Tayyip Erdoğan karşıtlığı, Tayyip Erdoğan'ın şahsına değil, Tayyip Erdoğan'ın
ortaya çıkarttığı bu Türkiye tablosunadır. Tayyip Erdoğan düşmanlığı, Türkiye
düşmanlığıdır" dedi.
"DER SPİEGEL KAPAĞINA TEPKİ; MESELE HİLALİ KIRMAK"
Dünyada küresel vesayet olduğuna ve hiç alakası
olmayanların dahi Cumhurbaşkanı Recep Tayyip Erdoğan'ı devirmek için çalışma
içinde olduğuna dikkat çeken Şentop, "Dünyada bazı meşhur dergiler var.
Küresel vesayet var dünyada. Bazıları gizli saklı oluyor bazıları açıkça
oluyor. The Economist, ocak ayında kapak yaptı. 2023'ün en önemli seçimi
dedi Türkiye seçimleri için. O yetmedi yeni kapak yaptı. Tayyip Erdoğan'ın
indirilmesi gerekir falan diye. O yetmemiş, bugün twitter hesabına Tayyip
Erdoğan'a karşı bir ifadeyi koymuş. Fransa'da önemli dergiler kapak yapıyorlar.

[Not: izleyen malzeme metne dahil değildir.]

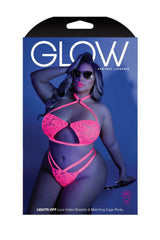 Fantasy Queen Glow Black Light Halter Bandeau and Cage Panty Neon Pink-Rebel Romance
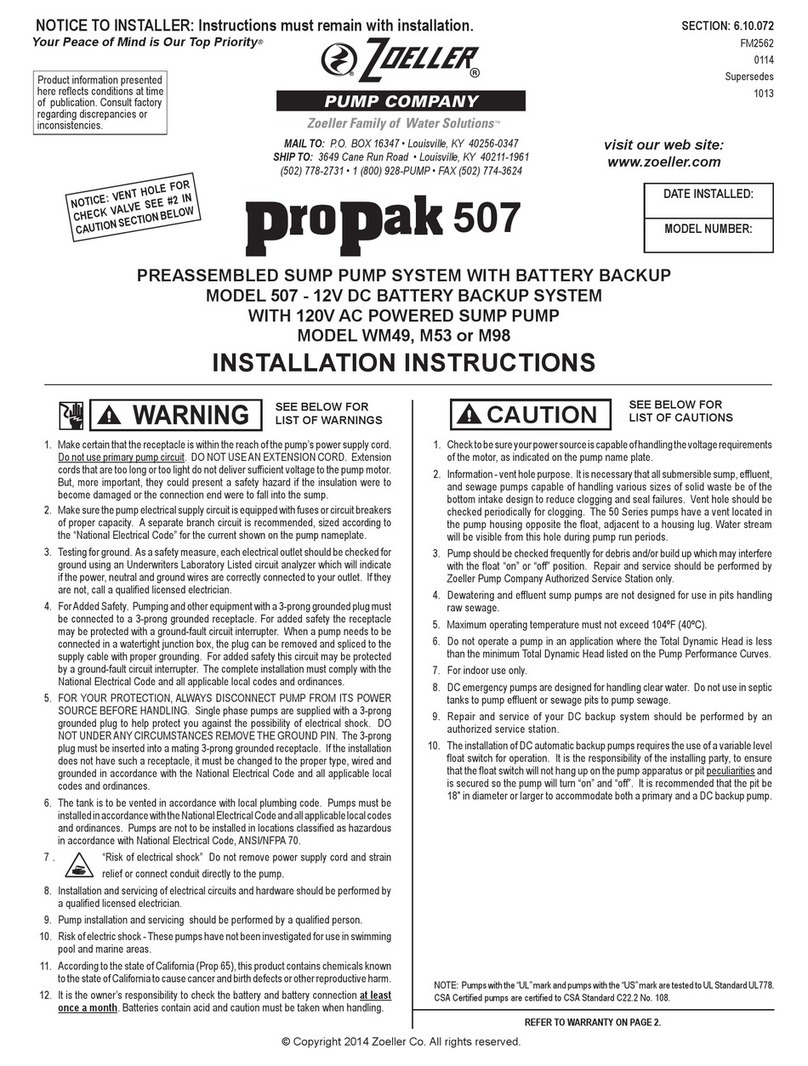 Zoeller ProPak 507 Series installation instructions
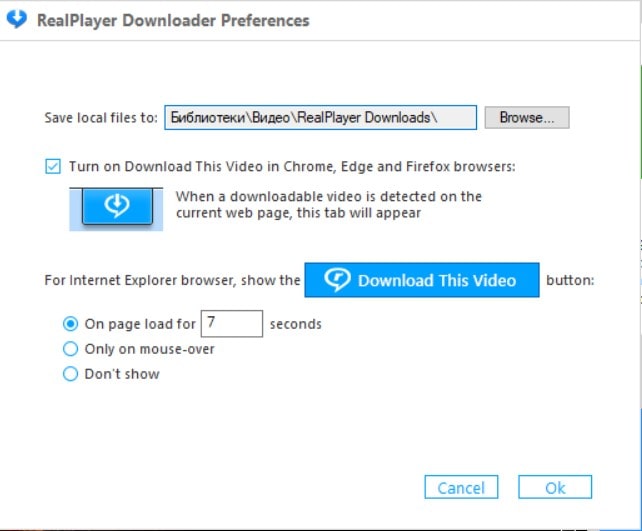 Настройки Real Player Downloader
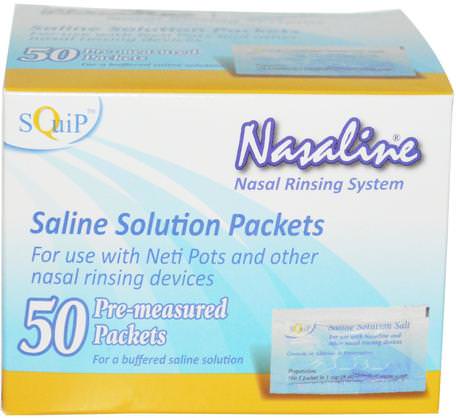 Squip, Saline Solution Salt, 50 Pre-Measured Packets by Nasaline-Hälsa, Nasal Hälsa, Nasal Tvätt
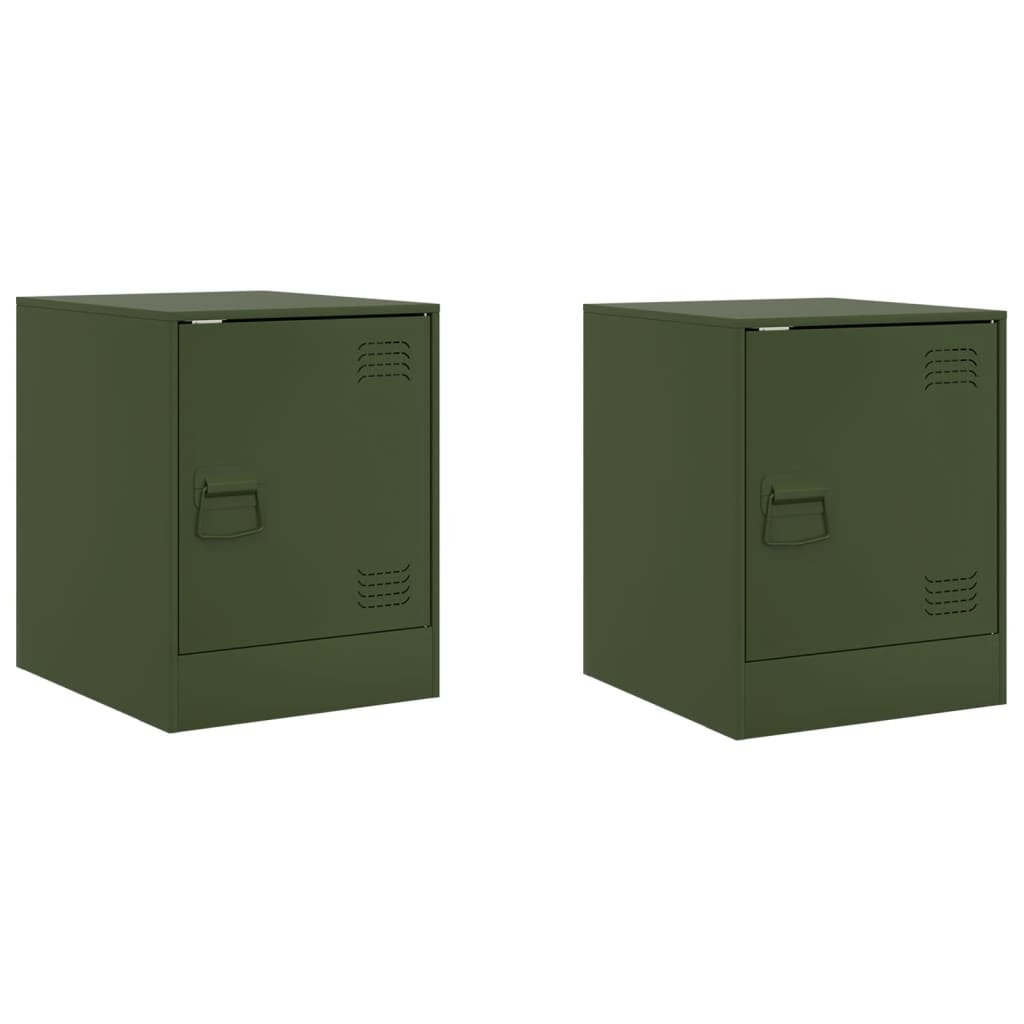 Olive Green Steel Bedside Cabinets Set 2pcs, 34.5x39x44cm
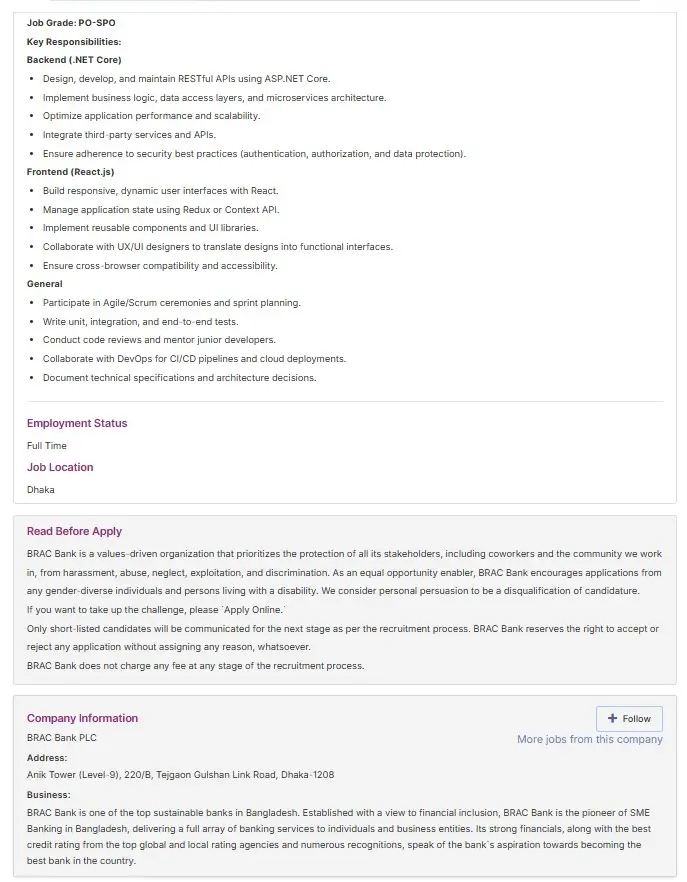 BRAC Bank Job Circular Image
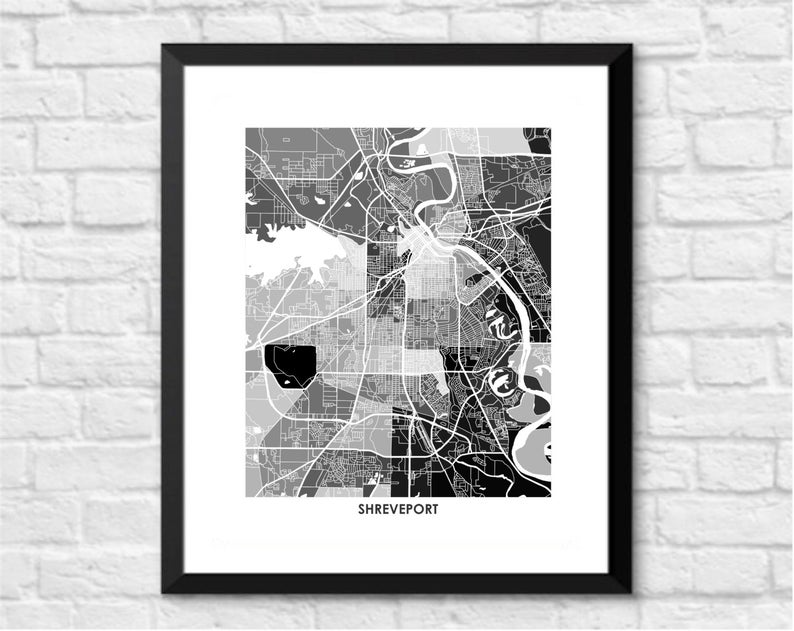 Juanita's Adventures - Wholesale Art Print - Juanitas Shreveport Map Print2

Almanya'da Der Spiegel bir kapak yaptı. Çok enteresan. Bir koltuk var, koltukta
oturuyor. Koltuğun bazı yerleri çatlamış, kırılmış. Yani düşecek falan demek
istiyor. Tayyip Erdoğan'ın oturduğu yerin tam başının üstünde bir hilal var,
hilal de kırılmış. Mesele bu, mesele Tayyip Erdoğan'ı koltuğu indirmek değil.
Mesele hilali kırmak, onu sökmek oradan. Şu anda Türkiye böyle bir tabloyla
karşı karşıya. Bundan sonra yapılacak her seçim kendisinden önceki seçimlerden
daha önemli hale gelmiştir. Rusya Ukrayna savaşı, Çin'le ilgili gelişmeler ve
hepsinin merkezinde Türkiye var. Mümkünse Türkiye'nin etkisiz hale getirilmesi
lazım. Bu nasıl olacak? Bizim ne işimiz var Libya'da, Suriye'de, kendi işinize
bakın diyenler gelirse Türkiye'ye, herkes bunu istiyor" diye konuştu.

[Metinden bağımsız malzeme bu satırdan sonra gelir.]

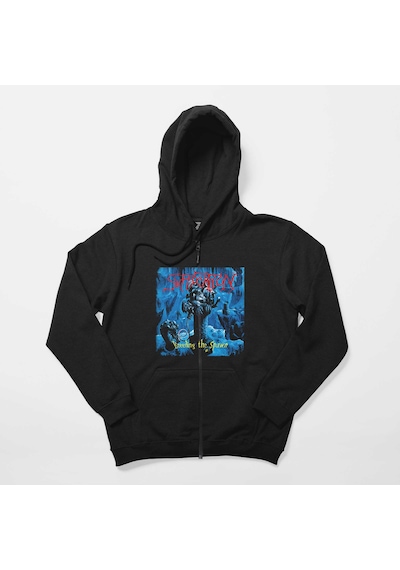 Suffacation Breeding The Spawn Siyah Fermuarlı Kapşonlu Sweatshirt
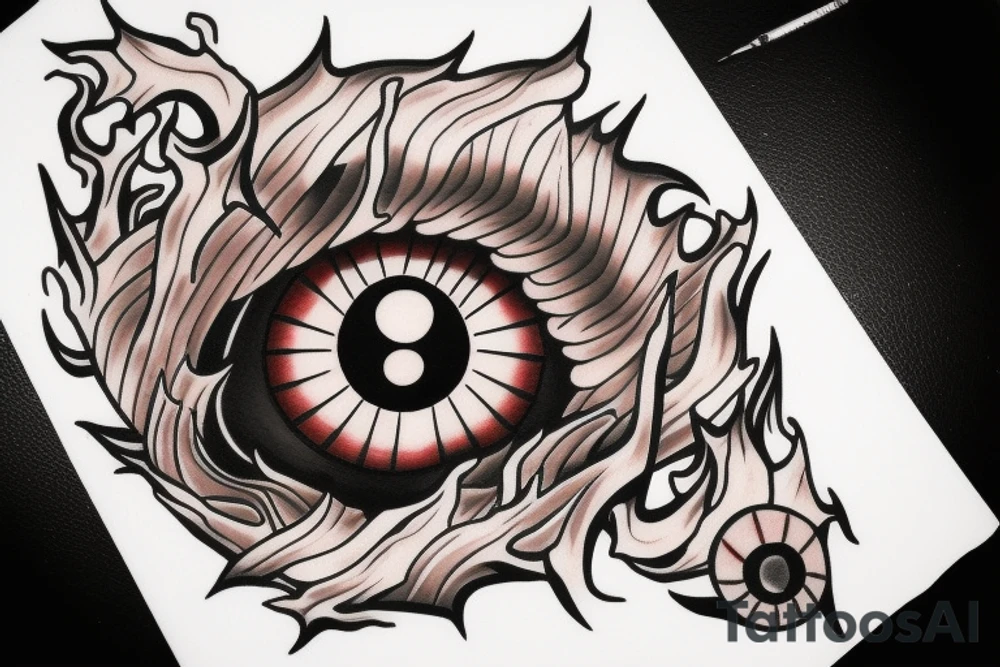 sharingan on fire tattoo idea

"BİR KAOS VADEDİYORLAR TÜRKİYE’YE"
Her seçimin önemli olduğuna dikkat çeken Şentop,
"Türkiye'yi kuşatmaya çalışıyorlar. Doğu Akdeniz'den, Suriye'den, Irak'ın
kuzeyinden… Etrafımızı sarmaya çalışıyorlar. Türkiye, ekonomiyle, uluslararası
ilişkilerde, uluslararası hukukta, siyasette, Türkiye bir merkez haline geldi.
Bu merkezi kontrol etmek istiyorlar. Biz ise bu merkez kontrol edilmez, bu
merkezin nasıl hareket edeceğine milletimiz karar verir, milletin seçtikleri
karar verir diyoruz. Fazla seçenek yok, iki seçenek var. Diğer taraf sadece
yıkalım, bozalım, hedefi bu. Bir kaos vadediyorlar Türkiye'ye. Bir proje de
yok" dedi.
"SURİYE'NİN KUZDEYİNDE BİR TERÖR DEVLETİ KURMAK
İSTİYORLAR"
Prof. Dr. Şentop, "Terör örgütüyle bağlantılı olan
bir siyasi hareket var ve bunun terör örgütü olarak kabul etmiyor o
siyasetçiler. Onlar, Tayyip Erdoğan karşısında kim olursa ona destek
vereceklerini söylüyorlar. Bahsediyorlar, filan hapisten çıkacakmış, onlar da
konuşulmuş olabilir. Esas mesele şu ve bu seçimlerin temel meselesi Türkiye'nin
kuşatılmasıyla ilgili. Esas anlaşılan nokta şu olabilir. Bu kararı o
teröristler, sözde liderleri falan veremez. Bu kararı o terör örgütünün bir baş
olarak Türkiye'ye karşı kullananlar verir. Onların maksadı da şu; Suriye'nin
kuzeyinde bir terör devleti kurmak istiyorlar. O senaryoda geciktiler, biz
geciktirdik. Beklentileri şu, bir kere Türkiye Suriye'deki operasyonlarını
durdursun ve oradan çekilsin. Sınır ötesi harekatlar durdurulsun, bir daha da
sınır ötesi operasyon ihtiyaç da olsa, gerek de olsa yapılmasın. Bunun
sinyalini aldık. Askerlerimiz sınır ötesinde görev süreleri dolmuş, mecliste
oylama yapıyoruz şu anki Cumhurbaşkanı adayının partisi de destek vermedi.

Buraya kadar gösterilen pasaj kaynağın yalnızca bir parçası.